**Description of the task:** Only the lines below starting at the one that contains "宁波成吉思汗的传奇——大型头像雕塑" and ending at the one that contains "Human Made Nylon Ripstop Heart" are to be reproduced, exactly and with both ends kept.

**Exercise inputs:**
=======

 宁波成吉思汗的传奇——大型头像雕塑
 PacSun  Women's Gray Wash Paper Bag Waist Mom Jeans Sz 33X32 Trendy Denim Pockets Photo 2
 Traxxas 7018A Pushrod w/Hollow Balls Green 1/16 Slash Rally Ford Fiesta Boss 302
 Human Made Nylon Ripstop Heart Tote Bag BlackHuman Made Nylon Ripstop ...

=======

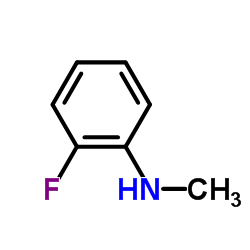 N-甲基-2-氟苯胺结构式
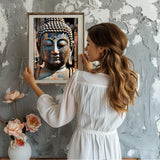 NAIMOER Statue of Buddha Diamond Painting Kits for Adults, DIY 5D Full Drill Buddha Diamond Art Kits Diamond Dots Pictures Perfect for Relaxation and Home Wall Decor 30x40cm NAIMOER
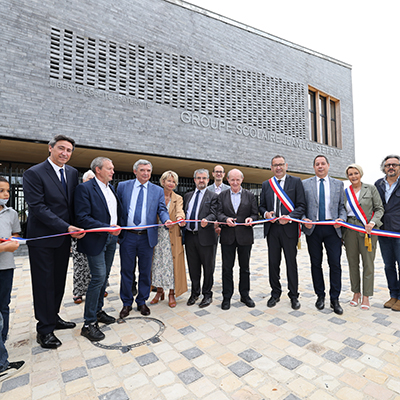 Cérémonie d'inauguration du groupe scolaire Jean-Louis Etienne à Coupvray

=======

**Solution to the exercise:**
 宁波成吉思汗的传奇——大型头像雕塑
 PacSun  Women's Gray Wash Paper Bag Waist Mom Jeans Sz 33X32 Trendy Denim Pockets Photo 2
 Traxxas 7018A Pushrod w/Hollow Balls Green 1/16 Slash Rally Ford Fiesta Boss 302
 Human Made Nylon Ripstop Heart Tote Bag BlackHuman Made Nylon Ripstop ...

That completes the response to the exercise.